Do you really want to know what proportion _have_ both A and B?
Wouldn't it be equally informative to know instead what proportion
_lack_ both A and B; or, equivalently, what proportion have at least
one of A or B? Unless one of those it options is clearly better than
the other, I would suggest averaging the two approaches, which leads
to simply pAi+pBi as the combination measure. This would be equivalent
to giving each house a "feature count" score, and then using the
average feature count at each level in the PCA. It can also be easily
extended to situations where there are more than two features, and
(imho) is more in the "linear combination" spirit of PCA than the
proportion having or lacking all the features in the set would be.
That's closer to the spirit of my own post on the 14th -- coming
up with a score.
I suggested a couple of other versions of score, which may be
interesting since there are unequal proportions.
[snip, rest]
--
Rich Ulrich
Thanks again Rich and Ray,
When you say pAi + pBi is equivalent to a 'feature count score' I'm
not exactly following. I had some similar trouble understanding the
scoring system that Rich suggested. Could one or both of you try to
explain that to me again? If I understand it, then I would be able
to add the percentage of houses that contain A to the percentage of
houses that contain B at each level and use that as the new variable.

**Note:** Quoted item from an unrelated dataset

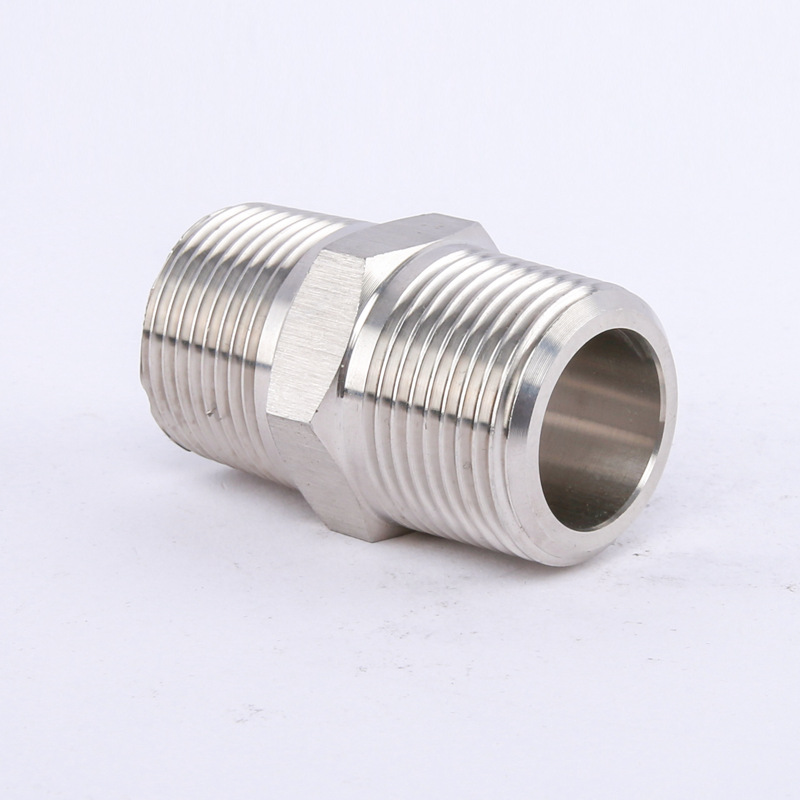 Stainless Steel Pipe Fittings 1/4"-4" NPT/BSPT Hexagon Male Threaded Nipple for Customized Support ODM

My confusion is coming from the issue of having then greater than 100%
of houses with both features - I guess I'm asking: why is it valid to
add percentages?
Well, in the sense that you merely want an indicator variable
with a continuous scale, adding percentages gives you one.
If you want a meaningful number, you may (say) assume
independence, and estimate the "percentage with both"

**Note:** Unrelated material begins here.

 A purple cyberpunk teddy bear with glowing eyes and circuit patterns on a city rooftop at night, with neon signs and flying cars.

or "percentage with neither", or whatever cell you deem
interesting -- so that it will be easiest to talk about.
I originally thought that you had the flexibility of scoring
each house, and that led me astray.
--
Rich Ulrich
Oh I see... okay so it says nothing meaningful in and of itself,
[/quote]
But it is meaningful! Don't think of pA and pB as proportions or
percents, but as means of the "real" variables, A and B, which are
indicators. Each house has a score on each variable: 1 = present,
0 = absent. With this coding, the mean of each variable happens to
also be a proportion, but it's primarily a mean.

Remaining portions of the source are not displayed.